Human vs. AI: Who’s the Better Driver?
It is clear that taking humans out of the driving equation soon will save lives by reducing crashes. Even the integration of automated vehicles that are 10% better than the average human driver would result in an average of 3,000 fewer accidents a year. But while automated systems are often perceived as infallible, driverless vehicles are still involved in accidents of ranging severity.
Accidents happen regardless of who is behind the wheel, and AVs have been involved in accidents that range from insignificant to major. As recently as March 18, an Uber AV struck and killed a pedestrian in Tempe, Arizona. Shortly after this event, a Tesla vehicle in autopilot mode collided with a highway barrier, killing the driver. How are events like these shaping the regulatory environment for AVs?
Immediate Solutions: Signs and Speed Bumps on the Road to Regulation
Perhaps one of the toughest questions facing the AV regulatory industry is who is ultimately responsible when a computer is in control of a vehicle during an accident. Is it the manufacturer, the supervising human or other drivers who should take the blame? Some companies are willing to accept liability: Volvo has gone on record saying they will accept all liability while their vehicles are in autonomous mode. On the other hand, states like Florida have provided protection to manufacturers by limiting liability in the event of an accident.
One way automation is set to change the transportation industry is through platooning. Platooning occurs when a group of AVs travel closely together and at high speed. The trucking industry in particular will benefit from platooning with reduced fuel costs, faster transit times and safer travel. “Following too closely” laws, current regulations which limit the distance one vehicle may travel from another, make platooning illegal. To address this, governments are taking steps to change these rules. States including Nevada, Texas and Arizona have all enacted legislation to legalize platooning.
Early Adopters: How Will AV Regulation Affect the Transportation Industry?
Taxi companies, transit authorities and the general car sharing industry are expected to be the early adopters of driverless technology. As the public sector continues to debate and enact AV regulations, and traditional and autonomous cars mix on our roads, what can these early adopters expect in terms of regulation?
Will AV Technology Do Away with Drivers?
While many predict cost savings—especially in the taxi and transit industry—as a result of oppertating without the cost of paid drivers, this benefit will not materialize for a while. Many governments are reluctant to allow for vehicles to travel in fully autonomous mode.
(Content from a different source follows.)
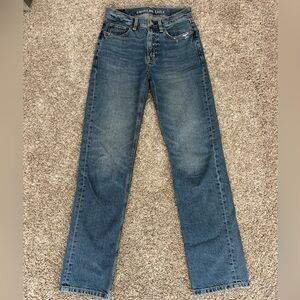 American Eagle Outfitters Women’s Low Rise Baggy Jeans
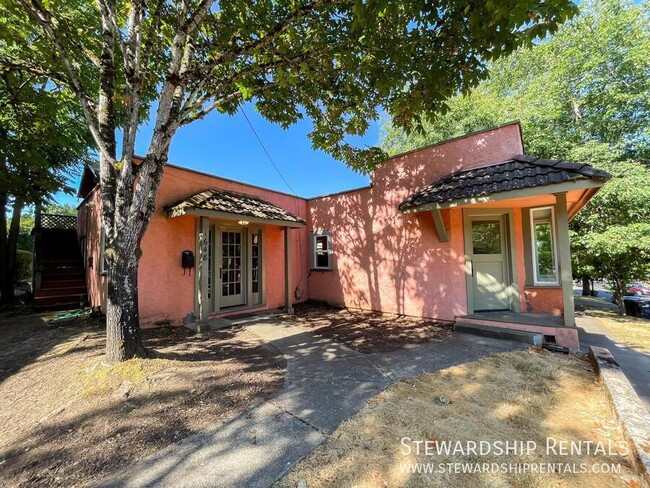 Primary Photo - Charming 4 Bd- South Campus!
The few areas where fully autonomous driving (without a driver behind the wheel) is allowed are remote testing grounds, and even these test zones are governed by very specific conditions. For example, even in the Netherlands, the number one most prepared country for AVs, driverless vehicles without a human behind the wheel still must have an operator at a different location ready to take control remotely. Considering the publicity that accidents involving autonomous vehicles receive, it is unlikely that truly autonomous vehicles operating without the input of humans will be allowed in the near future.
A Regulatory Patchwork
Another regulatory consideration for early adopters is the impact of a patchwork of different legislations. This is especially relevant for companies who operate in different cities or across jurisdictions. Platooning, for example, won’t be effective if it becomes illegal as soon as the platoon crosses into a jurisdiction which has not modified their “following too closely” regulations. Furthermore, if your fleet of vehicles operates in several different cities, and each city has a different approach to regulating AVs, fleet management becomes a complex and inefficient task. Having a competent dispatch company who understands regulations across the board, and is supported by the latest technology, will play an important role in future fleet management.
The driverless vehicle is still in its early days, and is not yet widely available to the public. It’s no surprise that the regulation of AVs is also in its infancy. Early adopters in the transit space will face challenges under an uncertain regulatory regime. For those early adopters who understand the risks and are willing to chart new ground, the benefits will be significant.